Re: What is 'harmful' HTML?

Posted: Tue Jul 04, 2006 12:32 pm
by bdlang
Bigun wrote: But is there a list of unharmful HTML that can be allowed?

examples:

Code: Select all

<b></b>
<font></font>
<br>
A section of my code will allow some HTML to go through for customization, but I need to know what can become potentially harmful.
I'm not the regular expressions guru, but it would seem to me a better idea to whitelist things that you want through rather than try to eliminate things that you don't want. If all you want to do is let the user have the ability to use those specific elements (of which, I disagree with <br />, for the sake that you should format the output 'sizing' yourself and not allow 100 new lines to be created with 100 <br /> elements) then let through only elements like <b>, <i>, <em>, <strong>, etc maybe..

Posted: Tue Jul 04, 2006 7:51 pm
by RobertGonzalez
This is the list of (X)HTML tags. You are safer allowing a certain group of tags rather than disallowing others. This is because anyone can add in just about any tag they want if you are checking for disallowed tags (for example, the <thisismytag> tag). Custom tags or other means of trying to sabotage your pages would be essentially eliminated if you provide your script a list of allowed tags.

Posted: Tue Jul 04, 2006 8:18 pm
by bdlang
Everah wrote:This is the list of (X)HTML tags. You are safer allowing a certain group of tags rather than disallowing others....
So you're in agreement with using a whitelist as I proposed?

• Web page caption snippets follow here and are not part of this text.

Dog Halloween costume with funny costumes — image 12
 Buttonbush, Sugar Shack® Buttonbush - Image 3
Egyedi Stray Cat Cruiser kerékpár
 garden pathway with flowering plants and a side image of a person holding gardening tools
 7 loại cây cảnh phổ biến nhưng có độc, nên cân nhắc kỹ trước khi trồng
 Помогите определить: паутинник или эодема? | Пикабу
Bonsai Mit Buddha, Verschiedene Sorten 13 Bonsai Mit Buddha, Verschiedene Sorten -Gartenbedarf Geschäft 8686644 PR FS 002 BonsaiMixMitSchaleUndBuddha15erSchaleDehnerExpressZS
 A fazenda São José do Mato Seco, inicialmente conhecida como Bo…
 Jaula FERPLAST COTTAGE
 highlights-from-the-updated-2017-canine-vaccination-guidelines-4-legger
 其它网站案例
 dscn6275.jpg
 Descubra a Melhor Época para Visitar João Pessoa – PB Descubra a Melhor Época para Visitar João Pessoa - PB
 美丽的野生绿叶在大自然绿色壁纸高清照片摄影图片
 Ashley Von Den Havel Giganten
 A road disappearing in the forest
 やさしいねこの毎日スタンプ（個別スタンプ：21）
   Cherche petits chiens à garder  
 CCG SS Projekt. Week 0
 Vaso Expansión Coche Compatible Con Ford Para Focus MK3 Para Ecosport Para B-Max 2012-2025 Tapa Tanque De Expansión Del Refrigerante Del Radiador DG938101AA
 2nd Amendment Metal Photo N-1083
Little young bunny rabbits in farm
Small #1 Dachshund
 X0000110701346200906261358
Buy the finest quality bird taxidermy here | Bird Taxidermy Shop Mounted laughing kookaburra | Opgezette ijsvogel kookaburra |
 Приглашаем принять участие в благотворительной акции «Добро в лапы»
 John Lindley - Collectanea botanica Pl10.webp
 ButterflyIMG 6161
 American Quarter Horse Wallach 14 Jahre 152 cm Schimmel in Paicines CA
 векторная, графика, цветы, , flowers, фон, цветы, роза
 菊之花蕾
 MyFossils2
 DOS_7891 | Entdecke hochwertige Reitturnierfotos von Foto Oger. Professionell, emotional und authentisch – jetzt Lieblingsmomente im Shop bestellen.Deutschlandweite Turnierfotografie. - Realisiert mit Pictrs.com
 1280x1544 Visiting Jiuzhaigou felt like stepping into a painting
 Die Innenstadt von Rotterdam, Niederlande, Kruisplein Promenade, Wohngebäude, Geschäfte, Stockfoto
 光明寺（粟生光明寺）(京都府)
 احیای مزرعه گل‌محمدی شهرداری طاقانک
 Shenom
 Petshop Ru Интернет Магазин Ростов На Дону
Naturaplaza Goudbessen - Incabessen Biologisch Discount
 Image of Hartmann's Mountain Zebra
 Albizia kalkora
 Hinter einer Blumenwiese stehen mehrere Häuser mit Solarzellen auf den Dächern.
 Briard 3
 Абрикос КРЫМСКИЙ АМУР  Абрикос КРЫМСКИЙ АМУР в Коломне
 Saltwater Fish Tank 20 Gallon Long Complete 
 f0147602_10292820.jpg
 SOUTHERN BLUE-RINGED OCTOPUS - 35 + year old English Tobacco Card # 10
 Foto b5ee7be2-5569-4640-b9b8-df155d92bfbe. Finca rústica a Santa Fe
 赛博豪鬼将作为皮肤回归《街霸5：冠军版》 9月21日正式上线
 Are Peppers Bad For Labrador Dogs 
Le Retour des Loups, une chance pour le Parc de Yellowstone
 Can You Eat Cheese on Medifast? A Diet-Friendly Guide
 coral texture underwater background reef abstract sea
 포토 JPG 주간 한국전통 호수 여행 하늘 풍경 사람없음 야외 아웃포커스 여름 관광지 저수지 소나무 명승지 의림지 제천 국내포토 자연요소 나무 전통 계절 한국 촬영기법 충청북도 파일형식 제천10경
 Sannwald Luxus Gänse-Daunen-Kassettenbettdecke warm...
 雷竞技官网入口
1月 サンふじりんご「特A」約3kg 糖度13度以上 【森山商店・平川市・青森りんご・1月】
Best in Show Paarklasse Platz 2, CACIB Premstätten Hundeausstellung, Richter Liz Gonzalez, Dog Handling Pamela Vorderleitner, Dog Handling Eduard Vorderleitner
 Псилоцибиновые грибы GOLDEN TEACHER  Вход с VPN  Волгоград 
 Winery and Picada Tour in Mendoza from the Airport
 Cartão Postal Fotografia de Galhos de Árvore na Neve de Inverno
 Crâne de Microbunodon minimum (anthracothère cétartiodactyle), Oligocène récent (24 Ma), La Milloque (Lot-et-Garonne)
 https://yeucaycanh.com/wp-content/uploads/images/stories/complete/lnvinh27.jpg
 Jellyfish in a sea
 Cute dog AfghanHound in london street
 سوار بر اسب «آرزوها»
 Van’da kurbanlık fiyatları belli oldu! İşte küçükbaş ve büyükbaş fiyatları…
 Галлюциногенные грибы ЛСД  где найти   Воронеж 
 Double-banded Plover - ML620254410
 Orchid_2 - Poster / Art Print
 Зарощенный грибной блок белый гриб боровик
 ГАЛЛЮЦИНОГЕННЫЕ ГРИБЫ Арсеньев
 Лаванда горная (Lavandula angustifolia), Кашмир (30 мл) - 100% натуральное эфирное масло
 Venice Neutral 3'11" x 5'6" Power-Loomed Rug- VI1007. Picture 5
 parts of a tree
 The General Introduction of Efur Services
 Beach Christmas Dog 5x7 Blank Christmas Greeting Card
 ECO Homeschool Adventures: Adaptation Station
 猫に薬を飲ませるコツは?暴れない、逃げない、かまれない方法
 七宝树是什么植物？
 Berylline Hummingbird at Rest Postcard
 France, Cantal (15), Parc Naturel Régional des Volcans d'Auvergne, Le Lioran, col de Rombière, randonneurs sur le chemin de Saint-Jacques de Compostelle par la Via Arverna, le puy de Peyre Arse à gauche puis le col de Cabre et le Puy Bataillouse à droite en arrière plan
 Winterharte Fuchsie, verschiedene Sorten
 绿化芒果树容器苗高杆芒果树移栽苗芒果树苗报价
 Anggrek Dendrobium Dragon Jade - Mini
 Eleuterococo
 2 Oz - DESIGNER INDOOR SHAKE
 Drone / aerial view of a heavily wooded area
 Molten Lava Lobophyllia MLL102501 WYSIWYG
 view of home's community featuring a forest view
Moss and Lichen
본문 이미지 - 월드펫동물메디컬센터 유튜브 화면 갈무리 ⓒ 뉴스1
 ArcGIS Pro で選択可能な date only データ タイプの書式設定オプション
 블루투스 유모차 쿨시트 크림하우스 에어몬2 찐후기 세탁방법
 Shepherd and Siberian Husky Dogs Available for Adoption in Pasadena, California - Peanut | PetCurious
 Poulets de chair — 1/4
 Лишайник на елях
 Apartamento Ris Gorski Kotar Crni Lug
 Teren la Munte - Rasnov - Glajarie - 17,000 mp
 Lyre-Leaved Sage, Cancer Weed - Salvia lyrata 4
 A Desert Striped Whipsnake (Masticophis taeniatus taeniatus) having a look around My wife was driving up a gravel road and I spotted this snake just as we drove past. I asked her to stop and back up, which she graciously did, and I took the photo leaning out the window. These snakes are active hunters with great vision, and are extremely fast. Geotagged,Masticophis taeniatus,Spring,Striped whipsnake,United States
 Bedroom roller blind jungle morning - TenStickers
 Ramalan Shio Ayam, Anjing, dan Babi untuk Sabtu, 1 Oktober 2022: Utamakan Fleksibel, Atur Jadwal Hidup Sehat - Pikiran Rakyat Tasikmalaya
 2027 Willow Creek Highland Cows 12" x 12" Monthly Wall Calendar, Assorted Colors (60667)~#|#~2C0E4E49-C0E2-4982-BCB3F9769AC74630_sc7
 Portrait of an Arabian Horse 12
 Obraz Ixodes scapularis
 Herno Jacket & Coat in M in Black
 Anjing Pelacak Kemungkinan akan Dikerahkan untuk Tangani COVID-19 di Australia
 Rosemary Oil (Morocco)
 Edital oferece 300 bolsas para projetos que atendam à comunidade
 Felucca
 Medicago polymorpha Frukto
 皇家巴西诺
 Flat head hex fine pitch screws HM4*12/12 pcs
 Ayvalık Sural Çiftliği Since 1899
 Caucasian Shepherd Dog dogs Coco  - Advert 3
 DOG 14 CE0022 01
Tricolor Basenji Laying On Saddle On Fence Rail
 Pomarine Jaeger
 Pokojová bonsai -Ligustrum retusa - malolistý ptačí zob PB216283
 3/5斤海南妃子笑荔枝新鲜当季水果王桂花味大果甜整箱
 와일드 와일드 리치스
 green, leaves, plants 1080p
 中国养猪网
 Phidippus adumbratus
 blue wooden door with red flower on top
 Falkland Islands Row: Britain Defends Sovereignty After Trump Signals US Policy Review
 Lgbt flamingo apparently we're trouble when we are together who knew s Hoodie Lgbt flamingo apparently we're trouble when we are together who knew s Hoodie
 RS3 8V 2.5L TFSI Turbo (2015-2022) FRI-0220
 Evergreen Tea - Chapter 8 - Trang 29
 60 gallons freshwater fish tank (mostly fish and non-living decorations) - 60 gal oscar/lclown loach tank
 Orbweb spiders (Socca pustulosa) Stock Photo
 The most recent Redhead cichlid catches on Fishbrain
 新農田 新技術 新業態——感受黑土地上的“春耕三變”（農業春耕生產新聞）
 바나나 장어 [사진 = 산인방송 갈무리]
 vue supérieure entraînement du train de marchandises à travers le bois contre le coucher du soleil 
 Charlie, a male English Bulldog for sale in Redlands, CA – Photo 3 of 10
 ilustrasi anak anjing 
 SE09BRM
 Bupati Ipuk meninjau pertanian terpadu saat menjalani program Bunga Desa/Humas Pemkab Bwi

Posted: Tue Jul 04, 2006 8:22 pm
by RobertGonzalez
Yeah. I was thinking about it, and after coming to the conclusion that a user could feasibly get really stupid and put any tag they want in there, it makes more sense to provide a whitelist as opposed to a blacklist.

PS If I said otherwise before, then I am changing gears faster than a trucker who sees his wife with a biker.